Had my hon. friend the member for South Cape Breton the right to move that amendment? My hon. friend from Portage la Prairie is recognized on the other side of the House as being an authority in regard to the interpretation of the rules, and when he undertakes to speak his opinion is received with every respect by hon. gentlemen on this side, though sometimes we do think he strains a point in order to make an argument on behalf of the party with which he is associated. Still, no one doubts his ability, and with regard to the question as to whether, after the first six clauses of the Bill had (been disposedof, my hon. friend from South Cape Breton should proceed to move that a clause to be known as clause 7 should be added, his judgment ought to be worth a good deal. I am not going to repeat the argument made by the right hon. the leader of the Opposition on Friday night.
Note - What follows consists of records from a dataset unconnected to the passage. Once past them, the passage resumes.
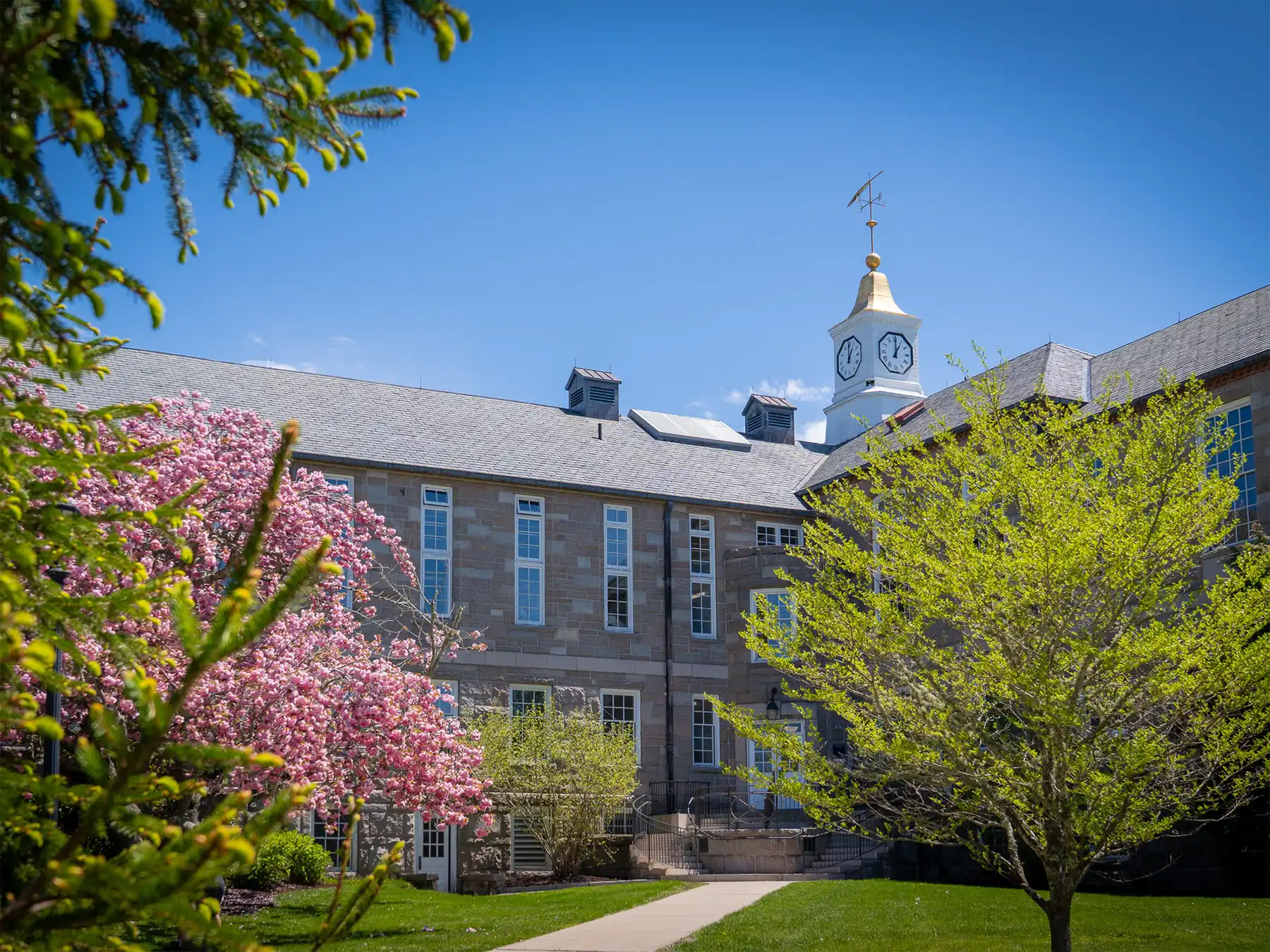 A view of the University of Rhode Island (URI) campus in spring.
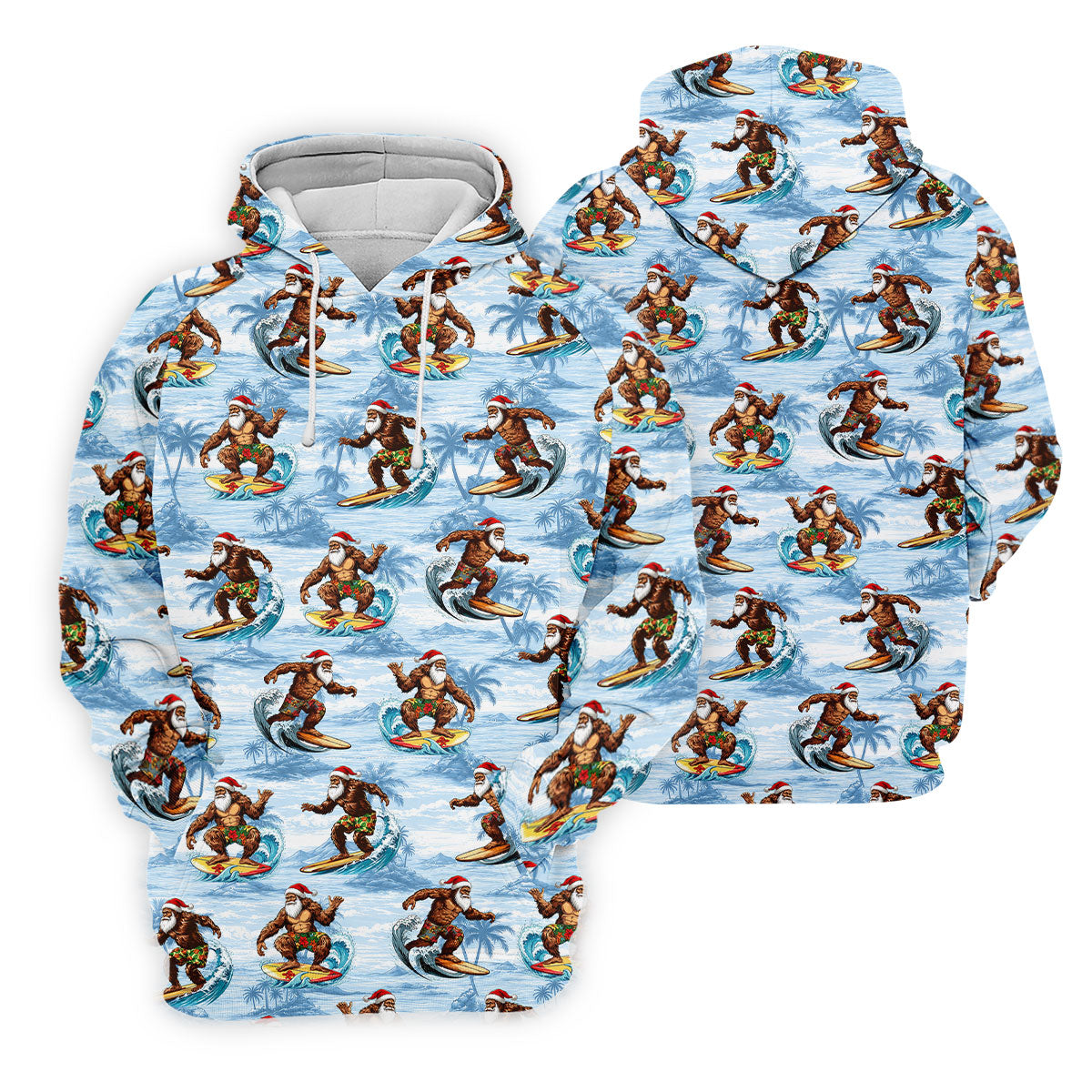 Funny Surfing Santa Bigfoot Christmas Polo Shirt, Mens Golf Polo, Hawaiian Golf Shirt
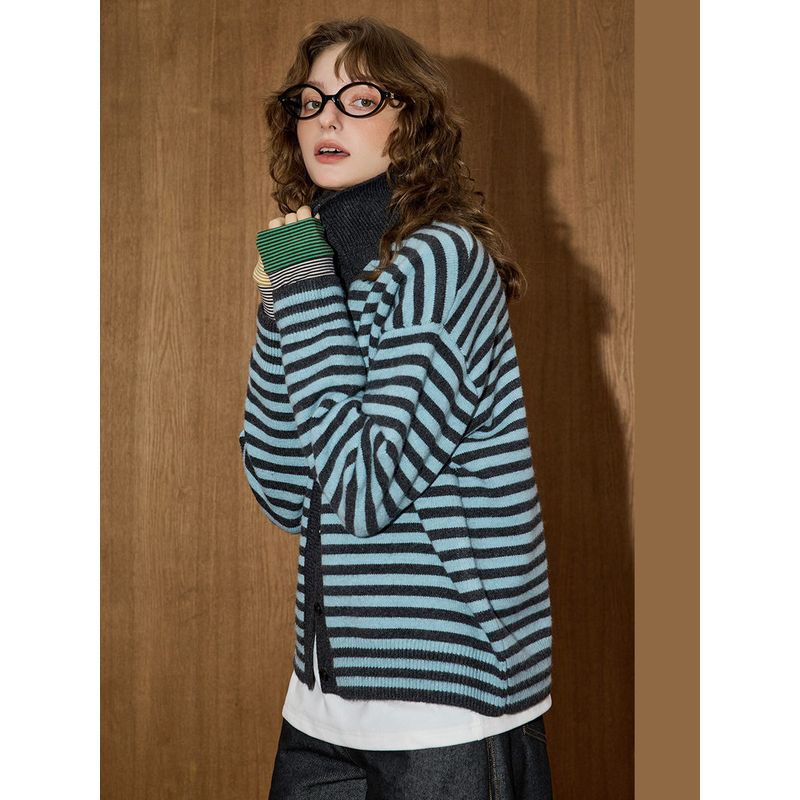Coolhut2025 Autumn and Winter New Fashion Elegant Long-Sleeved Cardigan Korean Style Casual Lazy Style Contrasting Stripes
That argument is unanswerable as was the absolutely convincing argument of my hon. friend from Shefford (Mr. Boivin). I wish to call attention to this statement of my hon. friend from Portage la Prairie:

I do not know that I have any quarrel, so far as my individual opinion goes, with the interpretation of the rule put forward by the right bon. leader of the Opposition. But what I say is that that has no application here, for this reason. It is true I rose to a point of order when the hon. member for South Cape Breton had the floor. I rose, not because I doubted his right-

That is his right to move his amendment, -but I did object to his rising after the

Prime Minister had moved-

So that my hon. friend from Portage la Prairie, supplementing the argument made by hon. gentlemen on this side of the House, an argument which was absolutely convincing upon the point, conceded that as a matter of party practice, even under the amended rules, my hon. friend from South Cape Breton had the right to move that clause 7 be added to the Bill. My right hon. friend the Prime Minister practically told him that he would be perfectly willing to let my hon. friend from South Cape Breton move his amendment if we undertook to finish the discussion that night. That was the proposition which he made.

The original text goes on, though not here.